Ironically, a great number of recent articles in the Daily have been dedicated to the poor media coverage of the war. I understand that access to information is limited in times when our governmental political agenda permeates every aspect of U.S. media. However, let’s not forget the great sources of information that NGOs are – particularly for issues related to human rights. Other media sources outside the United States are providing this kind of information, as you precisely mentioned in the article What else is on? (04/09/03). For example, Amnesty International covers many of the issues mentioned above. On April 2, 2003, they published an article on the use of cluster bombs by the U.S. military in Iraq. These bombs have been used in civilian areas and are suspected to be the cause of civilian casualties in Iraq. The article particularly makes reference to the U.S. attack on the area of al-Hilla on April 1, 2003, in which at least 33 civilians died and 300 were injured. This type of bomb poses a hazard for civilians even after the U.S. military leaves the area. The bombs that did not explode upon contact remain alive and pose a great threat to anyone that comes into contact with them.
Amnesty International information can be obtained at www.amnesty.org.
I encourage not only The Michigan Daily, but also the entire University community, to actively seek other sources of information.
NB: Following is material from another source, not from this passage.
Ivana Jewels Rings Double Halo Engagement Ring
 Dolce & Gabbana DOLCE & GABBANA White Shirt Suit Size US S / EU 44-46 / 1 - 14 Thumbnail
Story left out important details of divestment vote
To the Daily:
I’m writing to express my extreme displeasure at the way the Daily portrayed the way MSA dealt with the resolution to divest from the Caterpillar Corp. (MSA postpones taking stance on Caterpillar Corp., 04/16/03). Reading the article, one would think that the assembly as a whole “voted” to table it. This could not be further from the truth.
Realizing that this resolution was asinine for singling out Israel, two-thirds of the assembly voted to take the resolution off the table – mind you, this means that the assembly knew it was hogwash from the beginning. One vote was necessary to completely abolish the resolution from even being considered. It is a false assertion, as resolution sponsor Eric Reichenberger claims, that the assembly “came to the decision” to table the resolution; surely, Reichenberger knows that the only people legally able to table resolutions are the sponsors themselves. Knowing that there wasn’t a chance for the resolution to pass, the sponsors decided to pull it, not the assembly.
Because the resolution will be considered in the fall term of 2003, I would publicly ask the sponsors of the resolution to bring it up on a time other than the first assembly meeting of the year, which is on Yom Kippur (hence, several observing Jewish MSA members would not be able to vote).
These are unambiguous facts. The overwhelming majority of MSA representatives understood the cruel intentions of this resolution. I would implore that next time, factual evidence be presented to those that read the Daily.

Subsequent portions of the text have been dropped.